**Data under study**
━━━━━━━━━━━━━━━━━━━━

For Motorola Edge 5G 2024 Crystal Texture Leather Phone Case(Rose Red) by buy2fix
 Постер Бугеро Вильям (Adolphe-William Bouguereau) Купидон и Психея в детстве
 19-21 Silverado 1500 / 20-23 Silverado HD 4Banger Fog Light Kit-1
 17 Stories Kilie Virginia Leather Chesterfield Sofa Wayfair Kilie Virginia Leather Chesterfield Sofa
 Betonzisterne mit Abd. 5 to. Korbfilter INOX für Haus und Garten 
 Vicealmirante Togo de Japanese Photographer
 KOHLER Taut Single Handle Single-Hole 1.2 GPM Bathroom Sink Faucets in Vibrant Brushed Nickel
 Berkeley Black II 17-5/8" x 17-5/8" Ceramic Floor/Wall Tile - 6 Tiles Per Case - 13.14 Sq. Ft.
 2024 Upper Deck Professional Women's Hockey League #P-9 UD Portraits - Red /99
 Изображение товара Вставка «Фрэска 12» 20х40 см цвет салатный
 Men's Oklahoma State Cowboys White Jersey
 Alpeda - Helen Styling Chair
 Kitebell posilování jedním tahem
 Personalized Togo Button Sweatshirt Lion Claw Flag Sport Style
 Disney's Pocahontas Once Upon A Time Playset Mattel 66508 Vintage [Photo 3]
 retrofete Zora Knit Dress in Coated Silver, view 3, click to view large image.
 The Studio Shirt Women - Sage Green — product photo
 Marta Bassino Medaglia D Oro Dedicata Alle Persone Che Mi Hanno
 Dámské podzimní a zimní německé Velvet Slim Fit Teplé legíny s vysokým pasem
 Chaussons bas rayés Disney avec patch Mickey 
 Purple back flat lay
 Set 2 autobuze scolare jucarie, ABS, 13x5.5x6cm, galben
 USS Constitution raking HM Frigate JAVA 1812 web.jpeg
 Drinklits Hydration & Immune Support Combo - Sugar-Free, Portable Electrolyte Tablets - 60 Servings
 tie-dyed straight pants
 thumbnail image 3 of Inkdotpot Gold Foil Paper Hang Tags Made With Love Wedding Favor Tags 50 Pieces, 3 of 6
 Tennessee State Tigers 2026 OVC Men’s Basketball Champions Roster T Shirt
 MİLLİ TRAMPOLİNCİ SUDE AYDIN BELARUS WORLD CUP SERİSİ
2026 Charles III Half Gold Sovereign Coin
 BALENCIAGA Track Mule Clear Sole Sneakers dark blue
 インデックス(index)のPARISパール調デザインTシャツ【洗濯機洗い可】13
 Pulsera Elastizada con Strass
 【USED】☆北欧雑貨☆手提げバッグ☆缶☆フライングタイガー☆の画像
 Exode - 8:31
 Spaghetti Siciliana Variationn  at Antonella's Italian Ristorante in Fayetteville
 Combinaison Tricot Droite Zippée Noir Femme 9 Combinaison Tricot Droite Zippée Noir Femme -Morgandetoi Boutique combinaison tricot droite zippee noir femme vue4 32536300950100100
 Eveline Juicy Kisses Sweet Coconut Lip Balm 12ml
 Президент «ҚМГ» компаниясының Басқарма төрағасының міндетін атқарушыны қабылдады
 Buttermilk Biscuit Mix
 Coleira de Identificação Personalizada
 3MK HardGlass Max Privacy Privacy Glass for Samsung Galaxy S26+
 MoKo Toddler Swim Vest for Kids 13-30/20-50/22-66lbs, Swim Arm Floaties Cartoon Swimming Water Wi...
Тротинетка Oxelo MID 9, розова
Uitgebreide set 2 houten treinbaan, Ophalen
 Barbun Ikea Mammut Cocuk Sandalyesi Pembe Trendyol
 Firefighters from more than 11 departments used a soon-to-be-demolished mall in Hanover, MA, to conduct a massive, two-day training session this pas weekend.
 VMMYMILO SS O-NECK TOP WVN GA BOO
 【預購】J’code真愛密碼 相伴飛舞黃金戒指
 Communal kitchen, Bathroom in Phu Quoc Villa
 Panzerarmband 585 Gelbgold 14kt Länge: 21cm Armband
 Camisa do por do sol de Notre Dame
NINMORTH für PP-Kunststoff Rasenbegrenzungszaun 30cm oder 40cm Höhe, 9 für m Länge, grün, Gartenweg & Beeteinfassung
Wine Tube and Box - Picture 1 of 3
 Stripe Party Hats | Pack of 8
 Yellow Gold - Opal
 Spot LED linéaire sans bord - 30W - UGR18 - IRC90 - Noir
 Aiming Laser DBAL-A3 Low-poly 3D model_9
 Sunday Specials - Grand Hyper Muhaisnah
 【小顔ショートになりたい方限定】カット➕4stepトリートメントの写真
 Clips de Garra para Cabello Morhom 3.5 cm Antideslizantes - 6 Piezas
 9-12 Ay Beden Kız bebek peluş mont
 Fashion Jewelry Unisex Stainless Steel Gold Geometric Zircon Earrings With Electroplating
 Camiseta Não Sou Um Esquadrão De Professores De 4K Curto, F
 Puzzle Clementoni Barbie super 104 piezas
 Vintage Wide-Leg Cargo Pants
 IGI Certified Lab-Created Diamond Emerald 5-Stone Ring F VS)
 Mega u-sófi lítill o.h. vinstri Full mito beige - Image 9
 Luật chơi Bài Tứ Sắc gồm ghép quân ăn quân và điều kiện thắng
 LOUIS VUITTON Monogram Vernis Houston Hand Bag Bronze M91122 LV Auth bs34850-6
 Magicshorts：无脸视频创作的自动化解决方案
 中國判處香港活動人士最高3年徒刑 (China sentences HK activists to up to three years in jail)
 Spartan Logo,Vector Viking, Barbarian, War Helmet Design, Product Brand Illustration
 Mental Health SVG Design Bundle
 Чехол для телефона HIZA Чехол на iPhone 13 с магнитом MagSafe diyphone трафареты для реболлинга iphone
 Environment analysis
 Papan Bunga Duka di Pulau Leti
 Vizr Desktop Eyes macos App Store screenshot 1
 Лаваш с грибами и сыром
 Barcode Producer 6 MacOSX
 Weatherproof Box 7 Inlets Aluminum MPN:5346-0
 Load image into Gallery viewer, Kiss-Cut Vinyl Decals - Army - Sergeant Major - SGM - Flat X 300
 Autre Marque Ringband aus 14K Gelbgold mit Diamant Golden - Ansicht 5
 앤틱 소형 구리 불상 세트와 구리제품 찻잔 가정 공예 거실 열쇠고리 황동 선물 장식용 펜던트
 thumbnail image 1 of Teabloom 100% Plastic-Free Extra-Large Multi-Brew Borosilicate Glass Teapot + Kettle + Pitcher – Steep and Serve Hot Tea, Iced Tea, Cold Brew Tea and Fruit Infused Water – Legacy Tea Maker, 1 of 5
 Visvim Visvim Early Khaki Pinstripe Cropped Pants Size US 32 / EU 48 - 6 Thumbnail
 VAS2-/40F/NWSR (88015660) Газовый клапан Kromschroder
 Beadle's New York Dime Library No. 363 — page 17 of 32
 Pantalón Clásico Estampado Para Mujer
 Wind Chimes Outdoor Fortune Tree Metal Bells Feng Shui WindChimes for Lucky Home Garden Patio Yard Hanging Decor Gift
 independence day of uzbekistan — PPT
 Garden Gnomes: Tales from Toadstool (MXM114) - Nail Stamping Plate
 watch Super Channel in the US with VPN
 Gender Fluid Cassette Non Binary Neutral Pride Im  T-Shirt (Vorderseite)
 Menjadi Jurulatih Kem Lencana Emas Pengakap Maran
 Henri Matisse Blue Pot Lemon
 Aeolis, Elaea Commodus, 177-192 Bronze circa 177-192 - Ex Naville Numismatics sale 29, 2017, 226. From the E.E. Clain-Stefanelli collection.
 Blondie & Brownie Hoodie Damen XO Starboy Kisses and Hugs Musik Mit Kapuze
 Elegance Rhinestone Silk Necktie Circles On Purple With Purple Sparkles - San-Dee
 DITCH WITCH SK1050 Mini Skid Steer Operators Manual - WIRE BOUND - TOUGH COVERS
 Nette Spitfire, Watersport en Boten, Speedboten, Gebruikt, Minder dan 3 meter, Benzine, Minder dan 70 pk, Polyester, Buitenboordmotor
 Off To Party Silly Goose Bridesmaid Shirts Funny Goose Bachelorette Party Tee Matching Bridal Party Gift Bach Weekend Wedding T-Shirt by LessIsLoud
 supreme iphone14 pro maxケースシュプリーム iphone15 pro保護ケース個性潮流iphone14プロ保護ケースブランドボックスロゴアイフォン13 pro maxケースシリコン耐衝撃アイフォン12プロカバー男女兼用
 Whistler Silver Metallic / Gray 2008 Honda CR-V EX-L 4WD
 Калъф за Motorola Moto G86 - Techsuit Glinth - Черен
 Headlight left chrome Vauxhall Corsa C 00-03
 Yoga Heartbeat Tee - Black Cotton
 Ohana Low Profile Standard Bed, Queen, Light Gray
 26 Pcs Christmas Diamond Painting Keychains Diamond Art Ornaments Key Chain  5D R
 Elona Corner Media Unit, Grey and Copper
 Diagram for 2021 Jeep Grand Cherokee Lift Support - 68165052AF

━━━━━━━━━━━━━━━━━━━━

**What this task involves**
Could you return exactly the lines above from the line with "USS Constitution raking" to the line with "Tennessee State Tigers", both included, and nothing else?

**Answer below**
 USS Constitution raking HM Frigate JAVA 1812 web.jpeg
 Drinklits Hydration & Immune Support Combo - Sugar-Free, Portable Electrolyte Tablets - 60 Servings
 tie-dyed straight pants
 thumbnail image 3 of Inkdotpot Gold Foil Paper Hang Tags Made With Love Wedding Favor Tags 50 Pieces, 3 of 6
 Tennessee State Tigers 2026 OVC Men’s Basketball Champions Roster T Shirt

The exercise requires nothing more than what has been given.